As described by Pflanz et al. (5) IL-27-induced STAT3 activation is attributed to gp130 whereas STAT1 activation is mediated mainly by WSX-1 (26). Interestingly, our data support that SOCS3 targets the signaling downstream of both IL-27 receptor subunits gp130 and WSX-1. SOCS3 has been described to inhibit receptor-specific STAT3 signaling in human and murine macrophages (14, 16, 27). gp130 signaling is selectively affected by SOCS3 because IL-6 (via gp130)- but not IL-10 (via IL-10 receptor)-induced STAT3 activation is blocked by SOCS3. As shown by Nicholson et al. (12), SOCS3 can interact directly with gp130 by binding on its phosphotyrosine 759 motif and therefore compete with SHP2/JAK. Moreover, Song and Shuai (28) demonstrated that SOCS3 can also inhibit STAT1 tyrosine phosphorylation and its nuclear translocation. This finding is also applicable for IL-27-induced SOCS3 as presented in this study. A major role of SOCS1 (the common regulator of STAT1 activation) (29) in the inhibition of IL-27-activated STAT1 seems unlikely in our experimental setup.
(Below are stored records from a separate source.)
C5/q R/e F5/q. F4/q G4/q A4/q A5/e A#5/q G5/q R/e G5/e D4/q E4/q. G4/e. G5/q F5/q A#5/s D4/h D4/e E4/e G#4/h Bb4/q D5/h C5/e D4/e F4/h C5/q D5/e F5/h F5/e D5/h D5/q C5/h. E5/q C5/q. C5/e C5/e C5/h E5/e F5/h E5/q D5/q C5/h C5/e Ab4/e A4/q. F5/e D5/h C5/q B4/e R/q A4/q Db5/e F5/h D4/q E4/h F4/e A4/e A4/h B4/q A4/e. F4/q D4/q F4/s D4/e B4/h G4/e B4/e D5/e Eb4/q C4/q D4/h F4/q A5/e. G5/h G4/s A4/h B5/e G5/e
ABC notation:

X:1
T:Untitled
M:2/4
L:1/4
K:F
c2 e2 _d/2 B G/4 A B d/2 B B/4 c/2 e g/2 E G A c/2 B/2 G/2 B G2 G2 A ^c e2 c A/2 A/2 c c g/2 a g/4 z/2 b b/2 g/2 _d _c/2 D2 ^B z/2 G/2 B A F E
This is because first, real-time PCR showed low expression of SOCS1 compared with SOCS3 with crossing points for SOCS1 above cycle 30 (keratinocytes) and 34 (macrophages), respectively (supplemental Fig. S1). Second, manipulation of SOCS3 expression (as shown in Fig. 5) clearly pointed to its functional role in STAT1 pathway regulation in our experimental approach. Furthermore, by actinomycin D treatment of macrophages we excluded receptor internalization or phosphatase activity as important regulatory mechanisms in this context.
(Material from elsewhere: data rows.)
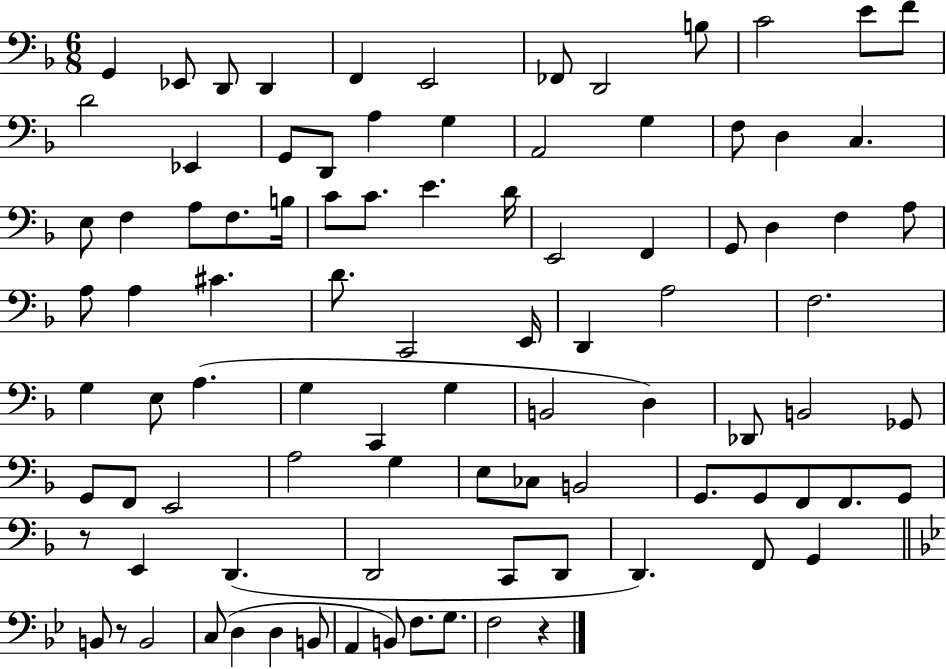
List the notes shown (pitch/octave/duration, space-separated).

G2/q Eb2/e D2/e D2/q F2/q E2/h FES2/e D2/h B3/e C4/h E4/e F4/e D4/h Eb2/q G2/e D2/e A3/q G3/q A2/h G3/q F3/e D3/q C3/q. E3/e F3/q A3/e F3/e. B3/s C4/e C4/e. E4/q. D4/s E2/h F2/q G2/e D3/q F3/q A3/e A3/e A3/q C#4/q. D4/e. C2/h E2/s D2/q A3/h F3/h. G3/q E3/e A3/q. G3/q C2/q G3/q B2/h D3/q Db2/e B2/h Gb2/e G2/e F2/e E2/h A3/h G3/q E3/e CES3/e B2/h G2/e. G2/e F2/e F2/e. G2/e R/e E2/q D2/q. D2/h C2/e D2/e D2/q. F2/e G2/q B2/e R/e B2/h C3/e D3/q D3/q B2/e A2/q B2/e F3/e. G3/e. F3/h R/q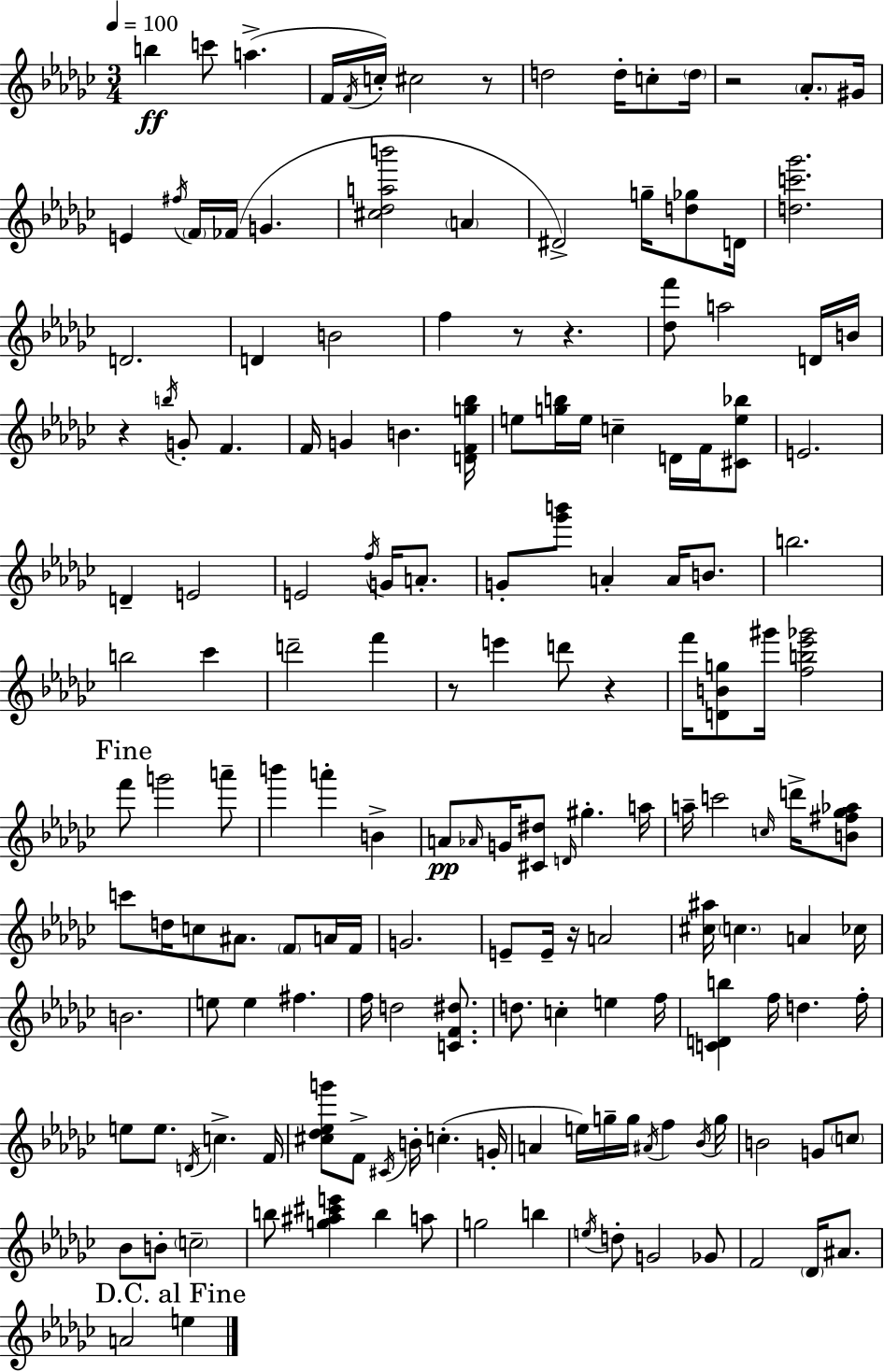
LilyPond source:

{
  \clef treble
  \numericTimeSignature
  \time 3/4
  \key ees \minor
  \tempo 4 = 100
  b''4\ff c'''8 a''4.->( | f'16 \acciaccatura { f'16 } c''16-.) cis''2 r8 | d''2 d''16-. c''8-. | \parenthesize d''16 r2 \parenthesize aes'8.-. | \break gis'16 e'4 \acciaccatura { fis''16 } \parenthesize f'16 fes'16( g'4. | <cis'' des'' a'' b'''>2 \parenthesize a'4 | dis'2->) g''16-- <d'' ges''>8 | d'16 <d'' c''' ges'''>2. | \break d'2. | d'4 b'2 | f''4 r8 r4. | <des'' f'''>8 a''2 | \break d'16 b'16 r4 \acciaccatura { b''16 } g'8-. f'4. | f'16 g'4 b'4. | <d' f' g'' bes''>16 e''8 <g'' b''>16 e''16 c''4-- d'16 | f'16 <cis' e'' bes''>8 e'2. | \break d'4-- e'2 | e'2 \acciaccatura { f''16 } | g'16 a'8.-. g'8-. <ges''' b'''>8 a'4-. | a'16 b'8. b''2. | \break b''2 | ces'''4 d'''2-- | f'''4 r8 e'''4 d'''8 | r4 f'''16 <d' b' g''>8 gis'''16 <f'' b'' ees''' ges'''>2 | \break \mark "Fine" f'''8 g'''2 | a'''8-- b'''4 a'''4-. | b'4-> a'8\pp \grace { aes'16 } g'16 <cis' dis''>8 \grace { d'16 } gis''4.-. | a''16 a''16-- c'''2 | \break \grace { c''16 } d'''16-> <b' fis'' ges'' aes''>8 c'''8 d''16 c''8 | ais'8. \parenthesize f'8 a'16 f'16 g'2. | e'8-- e'16-- r16 a'2 | <cis'' ais''>16 \parenthesize c''4. | \break a'4 ces''16 b'2. | e''8 e''4 | fis''4. f''16 d''2 | <c' f' dis''>8. d''8. c''4-. | \break e''4 f''16 <c' d' b''>4 f''16 | d''4. f''16-. e''8 e''8. | \acciaccatura { d'16 } c''4.-> f'16 <cis'' des'' ees'' g'''>8 f'8-> | \acciaccatura { cis'16 } b'16-. c''4.-.( g'16-. a'4 | \break e''16) g''16-- g''16 \acciaccatura { ais'16 } f''4 \acciaccatura { bes'16 } g''16 b'2 | g'8 \parenthesize c''8 bes'8 | b'8-. \parenthesize c''2-- b''8 | <g'' ais'' cis''' e'''>4 b''4 a''8 g''2 | \break b''4 \acciaccatura { e''16 } | d''8-. g'2 ges'8 | f'2 \parenthesize des'16 ais'8. | \mark "D.C. al Fine" a'2 e''4 | \break \bar "|."
}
IL-27-induced STAT1 activation appears to have an important role in regulating the course of proinflammatory responses. SOCS3 was rapidly up-regulated by IL-27 in macrophages, however, only responded once to IL-27 stimulation, whereas keratinocytes in which IL-27 failed to increase SOCS3 reacted repeatedly with proinflammatory mediator production. We conclude from our data that SOCS3 plays an important role in preventing macrophages from prolonged proinflammatory responses. By contrast, this feedback regulation is not mounted efficiently in epithelial skin cells. To confirm this we overexpressed SOCS3 in keratinocytes which results in an inhibition of STAT1 and STAT3 activation. Interestingly, overexpression of SOCS3 not only reduced IL-27 but also IFNγ-induced CXCL10 production. Thus, the impaired ability of keratinocytes to up-regulate SOCS3 affects their response to STAT1-activating molecules and results in a prolonged, unleashed production of proinflammatory mediators such as CXCL10. CXCL10 is one of the main chemokines attracting CXCR3⁺ IFNγ-producing T cells into the skin. The infiltration of CXCR3⁺ Th1 cells characterizes chronic inflammatory diseases such as psoriasis, cutaneous lupus erythematosus, and chronic states of eczematous conditions.
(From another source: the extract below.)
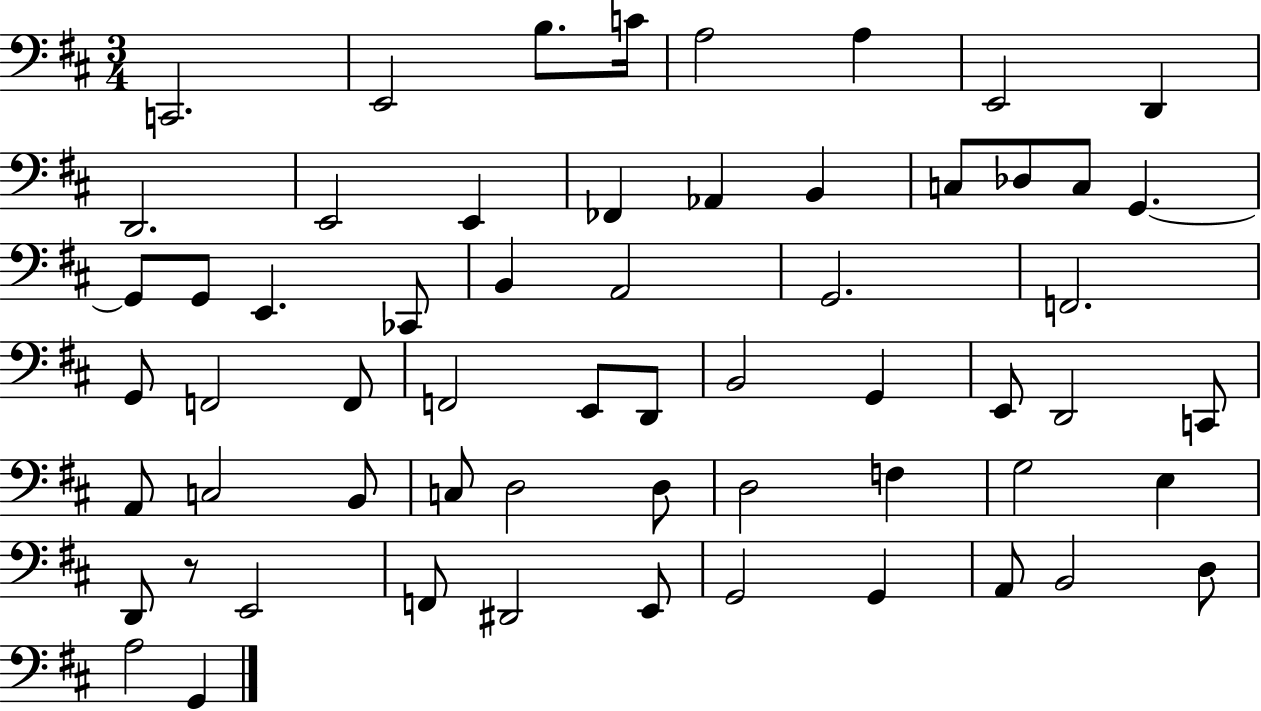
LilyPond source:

Translating these novel findings to clinical relevance, we conclude that the dysfunctional SOCS3 expression in keratinocytes contributes to the chronification of inflammatory Th1/STAT1-dominated epidermal responses. Recently, we reported that IL-27 was found to be expressed in the chronic (Th1-dominated) but not in the acute phase of eczema (Th2-dominated) (2). In addition, Shibata et al. (1) found an infiltration of IL-27-secreting cells in psoriatic skin lesions. In both cases it may act as a strong proinflammatory mediator able to maintain Th1 cell response in the epidermal compartment. Interestingly, SOCS3 is reported to be mainly expressed under Th2 conditions. Horiuchi et al. (30) described that SOCS3 was found to be expressed in lesions of patients suffering from severe atopic dermatitis (Th2-dominated) but not in lesions from patients with the Th1/Th17-dominated disorder psoriasis. In addition, Ekelund et al. (31) linked the SOCS3 gene to atopic dermatitis, and Seki et al. (32) reported a strong correlation between SOCS3 expression and the pathology of Th2-mediated asthma and atopic dermatitis. These data imply that regulation of SOCS3 expression could be a therapeutic target for Th1-mediated inflammatory skin diseases.

Finally, our data imply that the functional outcome of IL-27 signaling is highly regulated by SOCS3. Cell-dependent differences of macrophages and keratinocytes in response to these mediators can be assigned to a different expression pattern of SOCS3 in both cell types. In addition, previous findings point to a relative lack of SOCS3 expression in Th1-mediated diseases. In the case of chronic eczema this is accompanied by an enhanced expression of IL-27 which results in an abundant release of CXCL10 by keratinocytes. Therefore, we hypothesize that the failure to up-regulate SOCS3 expression in keratinocytes efficiently contributes to the maintenance of ongoing proinflammatory responses in the skin and probably other epithelial interfaces.

Supplementary Material

Supplemental Data

supp_287_13_9923__index.html^{(1,017B, html)}

Acknowledgments

We thank Ilona Klug and Christina Hartmann for technical assistance.

This work was supported by Deutsche Forschungsgemeinschaft Grants SFB566, A6, GRK1441, and a research grant from the Royal Society.

This article contains supplemental Fig. S1.

The abbreviation used is:

SOCS3: suppressor of cytokine signaling 3.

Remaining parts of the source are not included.